Di Indonesia sendiri, dampak perubahan iklim semakin nyata terlihat. Dari pengamatan 116 stasiun BMKG tahun 2023 diketahui bahwa di sejumlah wilayah di Indonesia telah terjadi kenaikan suhu yang cukup ekstrem menjadi 35 derajat celcius pada bulan-bulan tertentu. Padahal suhu rata-rata di Indonesia adalah 27,2 derajat celcius. “Suhu udara tahun 2023 ini tertinggi kedua setelah tahun 2016,” jelasnya.
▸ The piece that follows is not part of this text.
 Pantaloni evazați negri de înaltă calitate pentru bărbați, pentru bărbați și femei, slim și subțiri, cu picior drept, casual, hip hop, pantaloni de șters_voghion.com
Diakui Siswanto, tahun 2023 dan 2024 menjadi tahun-tahun terpanas sepanjang sejarah. Diprediksi tahun depan suhu Indonesia dan negara-negara di sekitar ekuator lainnya juga akan lebih panas dibandingkan dengan 2023 dan 2024.
Fakta lainnya, konsentrasi karbon Indonesia di bawah rata-rata (GAW Kototabang), meningkat dengan laju 2 ppm/tahun. Rekor tertinggi konsentrasi karbon dunia terjadi pada Mei 2020 (417,1 ppm), pada waktu emisi turun akibat pandemi Covid-19. “Dan perubahan iklim ini tidak pada posisi berhenti atau jeda dalam bentuk apapun,” tegas Siswanto.
Ia mengingatkan perubahan iklim ini berisiko meningkatkan bencana hidrometeorologis di mana kerugian akibat bencana jenis ini jauh lebih besar dibanding jenis bencana lainnya.